Task requirements |
The string "Used" appears in some lines of the entries that follow; copy each such line.

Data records

..............................

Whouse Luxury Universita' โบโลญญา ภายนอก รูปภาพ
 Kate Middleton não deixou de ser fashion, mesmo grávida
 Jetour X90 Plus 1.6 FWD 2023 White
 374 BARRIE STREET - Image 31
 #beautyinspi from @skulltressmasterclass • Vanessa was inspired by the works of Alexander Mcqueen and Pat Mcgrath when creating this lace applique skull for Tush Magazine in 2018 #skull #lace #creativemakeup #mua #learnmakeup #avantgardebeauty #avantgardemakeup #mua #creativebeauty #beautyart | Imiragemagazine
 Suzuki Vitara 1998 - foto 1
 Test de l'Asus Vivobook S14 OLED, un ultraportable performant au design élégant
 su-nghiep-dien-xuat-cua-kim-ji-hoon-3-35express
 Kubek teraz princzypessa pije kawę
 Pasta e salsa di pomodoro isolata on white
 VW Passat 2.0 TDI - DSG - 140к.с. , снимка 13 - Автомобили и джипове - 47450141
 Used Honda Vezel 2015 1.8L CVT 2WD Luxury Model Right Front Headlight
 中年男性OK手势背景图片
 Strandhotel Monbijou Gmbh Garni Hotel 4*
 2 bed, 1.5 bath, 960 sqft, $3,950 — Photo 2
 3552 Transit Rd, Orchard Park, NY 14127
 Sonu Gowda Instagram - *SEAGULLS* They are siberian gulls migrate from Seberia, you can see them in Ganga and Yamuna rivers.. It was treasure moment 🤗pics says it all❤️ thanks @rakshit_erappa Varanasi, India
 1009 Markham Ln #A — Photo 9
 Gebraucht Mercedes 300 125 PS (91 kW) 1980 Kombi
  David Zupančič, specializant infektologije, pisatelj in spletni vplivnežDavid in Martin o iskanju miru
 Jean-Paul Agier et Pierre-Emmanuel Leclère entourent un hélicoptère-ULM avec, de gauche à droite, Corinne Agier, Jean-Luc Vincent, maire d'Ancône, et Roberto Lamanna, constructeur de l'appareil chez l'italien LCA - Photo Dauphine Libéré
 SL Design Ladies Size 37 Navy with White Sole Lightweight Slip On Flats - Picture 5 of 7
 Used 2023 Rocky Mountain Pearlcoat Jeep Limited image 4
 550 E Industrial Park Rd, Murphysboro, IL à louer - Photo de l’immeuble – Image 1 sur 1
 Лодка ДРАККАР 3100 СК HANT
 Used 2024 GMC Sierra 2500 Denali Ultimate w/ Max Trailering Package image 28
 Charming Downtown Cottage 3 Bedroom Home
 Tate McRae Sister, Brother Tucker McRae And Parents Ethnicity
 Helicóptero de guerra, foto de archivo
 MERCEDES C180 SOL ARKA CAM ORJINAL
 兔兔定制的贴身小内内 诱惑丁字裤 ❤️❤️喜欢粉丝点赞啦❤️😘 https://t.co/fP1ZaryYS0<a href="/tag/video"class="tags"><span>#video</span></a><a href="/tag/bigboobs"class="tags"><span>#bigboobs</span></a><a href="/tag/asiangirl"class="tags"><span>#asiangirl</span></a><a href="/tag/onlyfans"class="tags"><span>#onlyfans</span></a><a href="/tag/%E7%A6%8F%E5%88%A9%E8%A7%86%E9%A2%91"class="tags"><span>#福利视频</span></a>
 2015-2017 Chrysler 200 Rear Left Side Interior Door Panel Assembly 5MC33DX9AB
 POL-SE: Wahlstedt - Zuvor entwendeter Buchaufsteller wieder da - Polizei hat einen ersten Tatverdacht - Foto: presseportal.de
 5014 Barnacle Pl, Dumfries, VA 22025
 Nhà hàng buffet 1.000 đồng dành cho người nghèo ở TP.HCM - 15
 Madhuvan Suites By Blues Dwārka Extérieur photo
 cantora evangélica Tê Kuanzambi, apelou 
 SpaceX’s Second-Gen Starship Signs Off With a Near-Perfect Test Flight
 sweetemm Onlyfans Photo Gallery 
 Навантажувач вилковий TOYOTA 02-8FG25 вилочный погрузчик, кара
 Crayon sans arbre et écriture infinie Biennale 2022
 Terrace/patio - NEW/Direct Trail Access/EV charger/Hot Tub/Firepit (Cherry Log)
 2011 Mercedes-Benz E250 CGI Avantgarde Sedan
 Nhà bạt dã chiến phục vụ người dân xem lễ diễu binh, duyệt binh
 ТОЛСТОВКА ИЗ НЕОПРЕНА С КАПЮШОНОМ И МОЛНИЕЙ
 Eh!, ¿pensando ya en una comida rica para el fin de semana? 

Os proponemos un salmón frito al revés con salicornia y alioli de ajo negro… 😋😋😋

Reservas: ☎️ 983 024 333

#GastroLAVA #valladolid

..............................

Result of this task |
 Used Honda Vezel 2015 1.8L CVT 2WD Luxury Model Right Front Headlight
 Used 2023 Rocky Mountain Pearlcoat Jeep Limited image 4
 Used 2024 GMC Sierra 2500 Denali Ultimate w/ Max Trailering Package image 28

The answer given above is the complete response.